Boston brings home the bacon
August 4, 2015
By COLIN JONES
If I said it once, I’ll say it a hundred times: there’s no bigger, better event in San Luis Obispo County than a headliner concert at the California Mid-State Fair. Sure, it’s hot and smelly with lots of parking and traffic hassles, overpriced, heart-attack inducing fried food and weird, useless stuff you can only buy there and on daytime TV.
But hey, don’t sweat the small stuff because it’s also the best place on the Central Coast to experience big-name musical entertainment, party-style.
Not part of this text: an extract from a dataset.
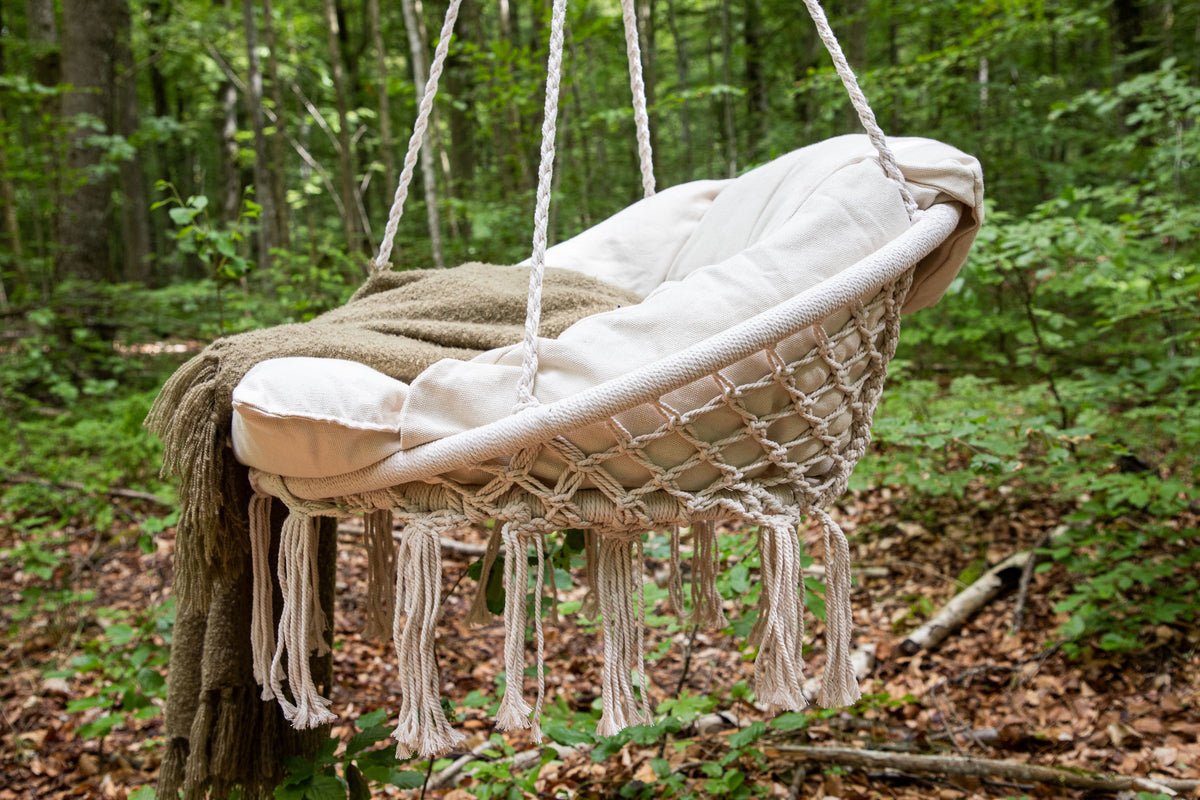 Garden Hanging Chair Vera - made of Polyester in White or Gray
Classic rock legends Boston proved this once again at Music and Wine night on Friday with a memorable 23-song, 105-minute set that by show’s end brought folks off their butts to dance off all that liquor and food.
Concerts there are mostly a hit with a few big misses this year like Motley Crue and a distracted Stephen Stills, who after 50 years of performing has apparently lost the ability to sing and strum in tune. And Mini-Kiss, really? According to my peeps, it was little people lip-synching and fake playing classic glam rock. I knew that was a bad idea from the get-go so glad I took a pass on some creepy voyeurism.
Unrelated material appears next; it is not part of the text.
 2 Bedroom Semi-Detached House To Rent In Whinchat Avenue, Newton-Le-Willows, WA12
However, fair organizers are definitely onto something with their inaugural Brews and Blues, complementing the aforementioned wildly popular Music and Wine night. Blues guitar whiz Robert Cray was stellar as always, the one everybody seemed to be there for so he probably should have been the headliner instead of Stills.
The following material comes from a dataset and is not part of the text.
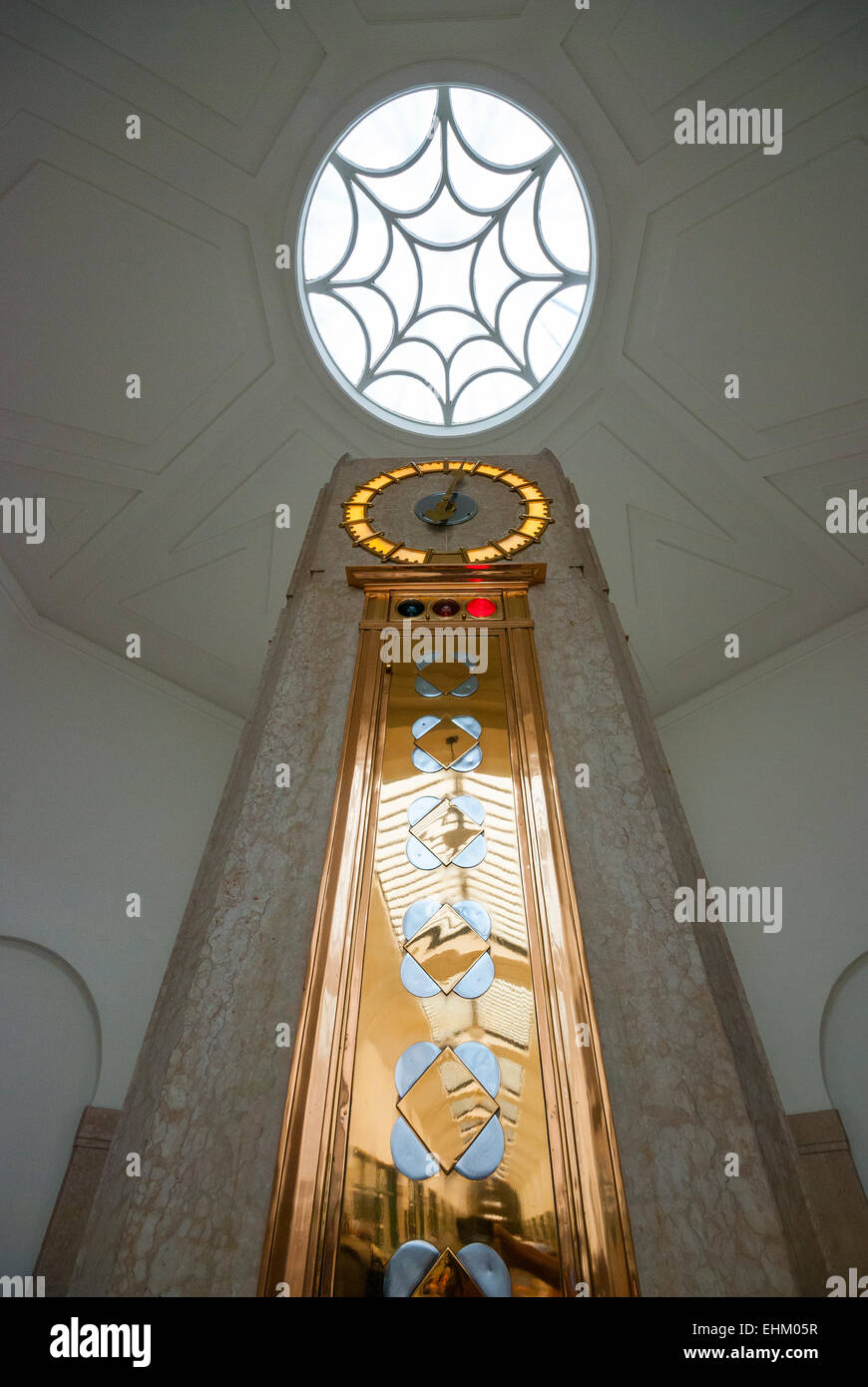 L'incredibile art deco torre di monitoraggio e un orologio nella rotunda del r., c. harris acqua impianto di filtrazione a Toronto in Canada Foto Stock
The boys from Massachusetts, despite sporting only one original band member, albeit the most important one: songwriter, producer and multi-instrumentalist Tom Scholz, had their groove on early and were completely in their element amongst the wine and cheese crowd.
Ten songs into their set, even the lively, catchy ‘Something About You’ got a young couple behind us stepping out and swing dancing…yes to Boston!
That’s the kind of thing you only see at the fair.
We hung out and stood along the side of the floor/dirt, slowly making our way to the front by the big screens as two other friends found an abandoned table, macking out on some leftover vittles. As much as I like the wine night vibe, for me rock & roll at the Mid-State Fair is about dancing with a Bud Light in one hand and a lighter in the other, not sitting, sipping and nibbling.
However by nightfall, most patrons were out of their seats and grooving to hit after hit by these rock music icons. It’s remarkable that Boston’s first three albums from 1975 to 1986 yielded so many great songs with virtually no filler.
And the cozy, friendly Chumash Arena venue certainly made the show extra special. I saw them a few years ago at Shoreline in the Bay Area and there’s no comparison. It’s too bad we don’t have concerts year-round, or at least all summer long, at the Fairgrounds. Wouldn’t that be sweet?
For now, we’ll just savor the 12 days of mid-summer, good-timey live music in the western world of Paso Robles.